People poured into this area as the United States began to expand westward. Like many cities of the day, as people of similar ethnic backgrounds moved to Toledo, they stayed together and built their own neighborhoods. It was the Irish who settled the Warehouse District of Toledo - they came here to work on the Miami-Erie Canal and the docks. Just south of the Warehouse District at City Park and Nebraska, is Lenk’s Hill, an area settled by the Germans and home to several breweries. In fact, Toledo has been home to many ethnic enclaves. For example:
- (Eastern) Polish: Lagreinka at Lagrange and Central – St.

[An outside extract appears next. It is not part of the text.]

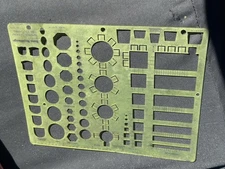 Berol Rapidesign Template - Interior Design - Tables and Chairs 1/4" Scale R-717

Hedgwick Church.
- (Western) Polish: Kuschwantz (aka "Cow's Tail") Nebraska and Junction – St. Anthony Church.
- Hungarian: Birmingham at Front and Consaul.

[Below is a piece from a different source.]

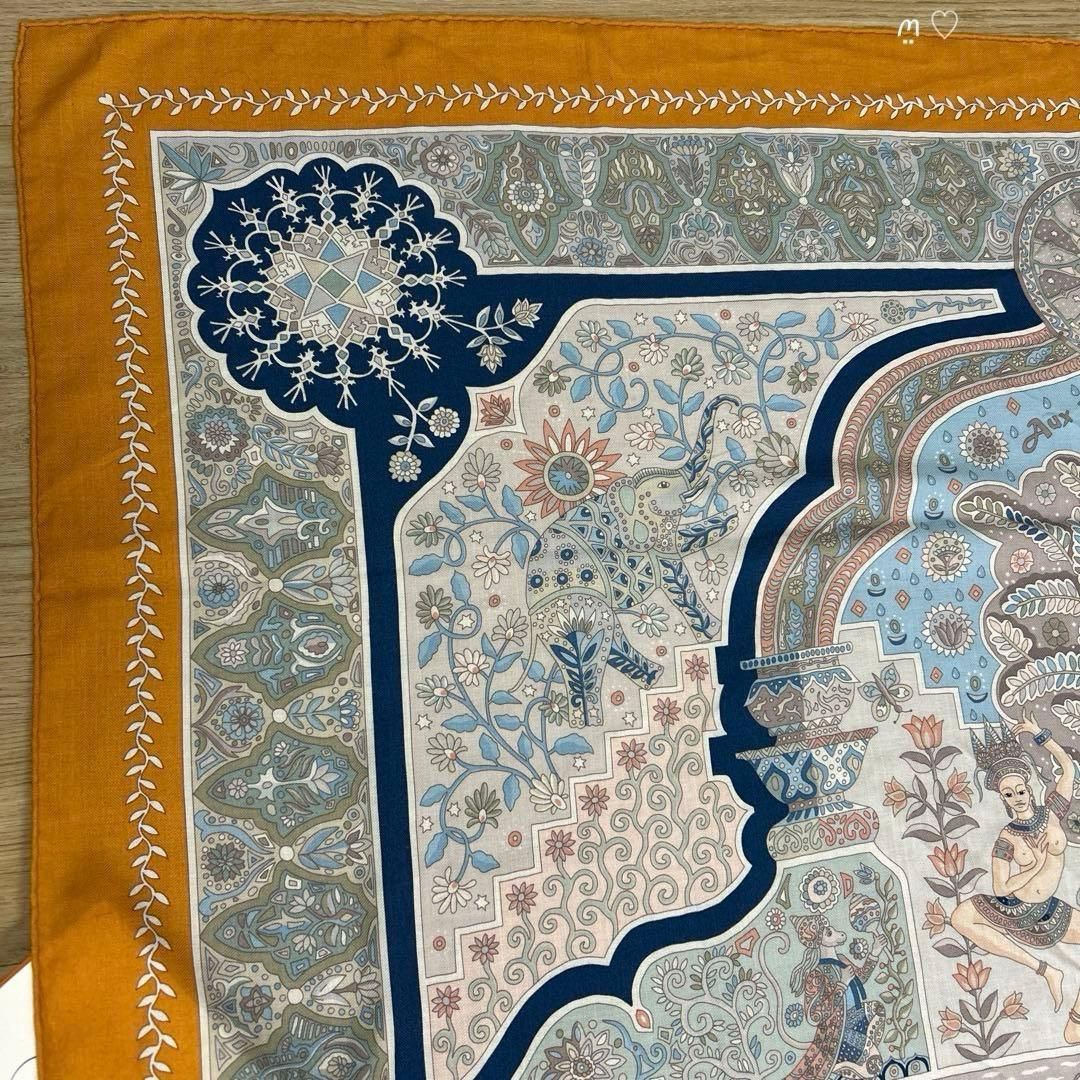 HERMES エルメス カレジェアン140 王宮の扉 カシシル スカーフ - メルカリ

- Syrian: Near North (first Mosque on Bancroft, East of Cherry).
- African American: Near the Warehouse District (around the Civil War), then Stickney Avenue and by the end of the 1920’s, ⅔ lived in the Pinewood District (City Park and Indiana Avenue).
- Bulgarian: East Side at Main and Nevada.
- Russian Jewish: Canton Avenue.
- French: East Side.
Our diversity has helped make Toledo a great city and yet it has also been at the center of some of our more complex problems. In a moment, we’ll be looking north toward Vistula and the North End, the site of racial tension and rioting in 2005. But since we’re looking south, think about this – the first race riot occurred in Toledo in 1862 when white dock workers rioted against African-Americans over jobs and pay. Homes were stoned and people were beaten in an attempt to push African-American workers out of Toledo. So, while our ethnic heritage is diverse, it has not always been pretty.
History is not just trivia, there’s a lesson for us in looking back at our past, warts and all.